The second incident is the one I retell most. We added a reconcileID correlation field to all eight controllers with a .WithValues("controller", ..., "reconcileID", uuid.New()) call at the top of every Reconcile. Two days later, every log line from the busiest controller in one environment had silently vanished from Cloud Logging.

The root cause was a duplicate JSON key. Would your test suite have caught that? Ours did not. Controller-runtime already injects controller, name, namespace, and reconcileID into the context logger automatically. So our added call re-added the same keys. That produced JSON objects with duplicate keys. GKE’s fluentbit log agent parses those logs via msgpack. And msgpack’s Go implementation cannot hash a duplicate-key object. So it dropped the entire line, rather than erroring loudly. One environment escaped: its busiest controller used a logger variant that replaced keys instead of appending them. The fix was simple. We removed the redundant call, because the framework already carried every field we were trying to add.

Gotcha: Before you add fields to a structured logger, check what your framework already injects. Duplicate keys are valid JSON to your program and poison to your log pipeline.

What keeps controllers reliable at scale

Custom controllers fail in ways the tutorials rarely mention. And almost all of those failures live at one boundary: between your reconcile logic and the framework’s caching. So structure reconcilers as ordered, independently testable steps. That keeps each unit of provisioning logic small and partial progress visible. Then centralize status patching in one conflict-safe helper. Read through an uncached reader in that path, so a stale cache read cannot overwrite a condition you just set.

Watch the framework, not just your code. OperationResultUpdated is not a signal to requeue. It is a signal to re-check readiness. A read-after-create NotFound wants a retry, not a wider cache window. And a logging change can be as destructive as a schema change. So if you run controllers at scale, adopt the Kubernetes v1.36 cache-staleness detection early. And treat every framework upgrade as the production change it is.

Straight answers

Frequently asked questions

What is the informer cache and why does it go stale?
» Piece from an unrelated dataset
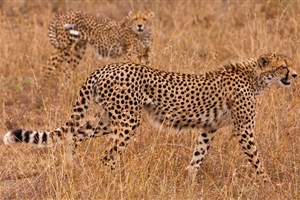  Ol Pejeta - 2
The informer cache is a local, in-memory replica of API-server objects that controller-runtime keeps to avoid hammering the API server on every read. It goes stale under load when the delta queue feeding it backs up and mutex contention delays updates, so a read can return an object version older than one you just wrote yourself.

Should every controller use an uncached reader?
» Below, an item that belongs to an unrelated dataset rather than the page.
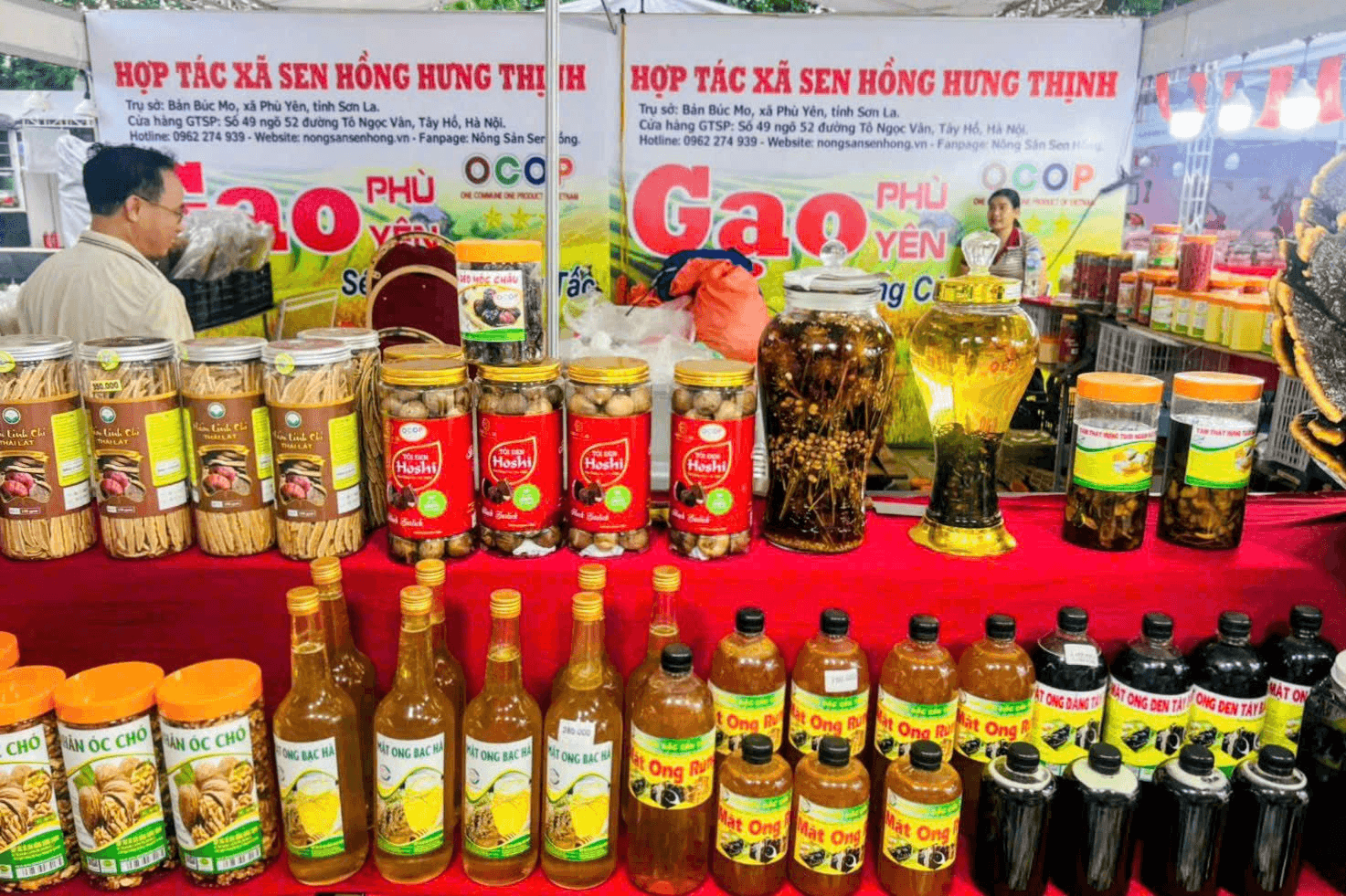 haiphong1.png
No. Use the cache for high-volume reads where a slightly stale view is acceptable, which is most reads. Reach for an uncached reader specifically in the read-then-patch path for status, where reading your own recent write matters for correctness. On Kubernetes v1.36 and later, built-in cache-staleness detection reduces how often you need it.
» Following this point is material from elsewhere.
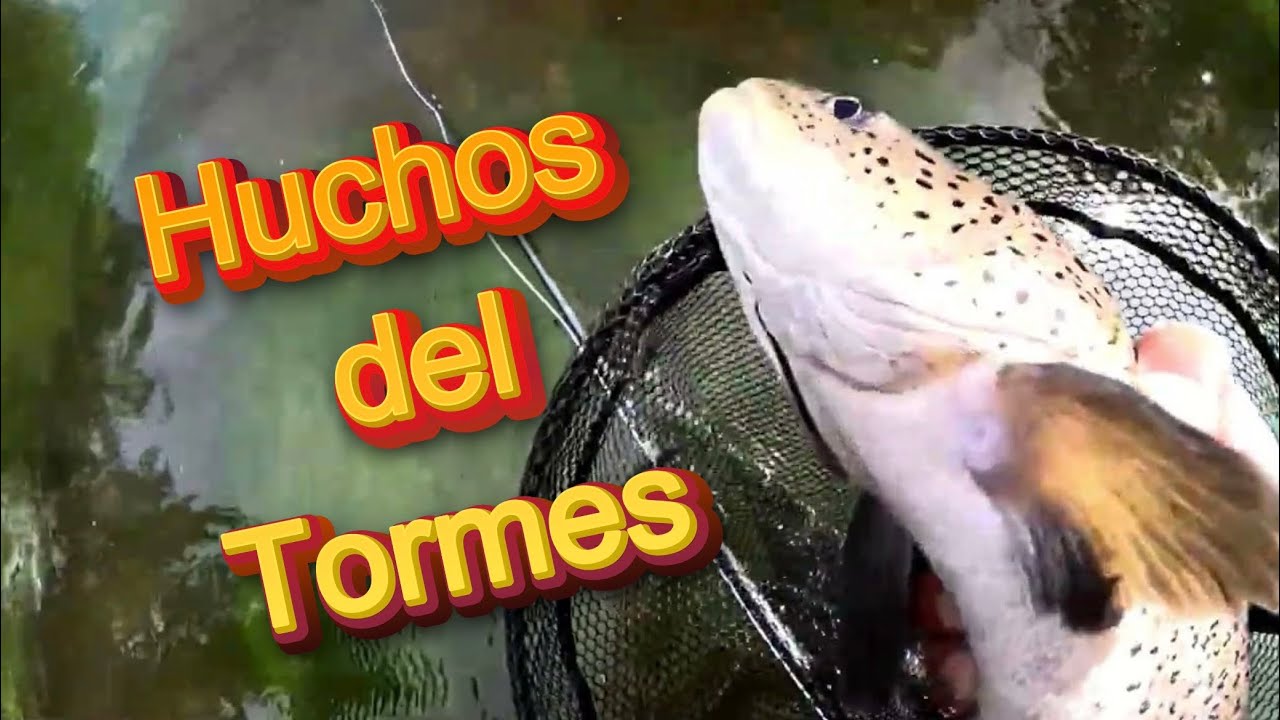 Pesca. Huchos del Tormes. #pesca #fishing #flyfishing #hucho #salmon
How is step-based reconciliation different from a state machine?

A state machine models one resource moving between named states. Step-based reconciliation runs an ordered chain of idempotent steps every reconcile, each re-checking its own precondition and reporting a condition. Steps are not transitions; they are independently testable units that always run in order. That suits the level-triggered nature of Kubernetes controllers better than edge-triggered transitions.

Does Kubernetes v1.36 remove the need for uncached reads?

Not entirely, but it helps significantly. The v1.36 mitigation lets a controller compare the cache's resourceVersion against its own last write and skip a reconcile when the cache is behind, closing the most common read-your-own-write gap. Uncached reads remain useful for status patches and for clusters not yet on v1.36.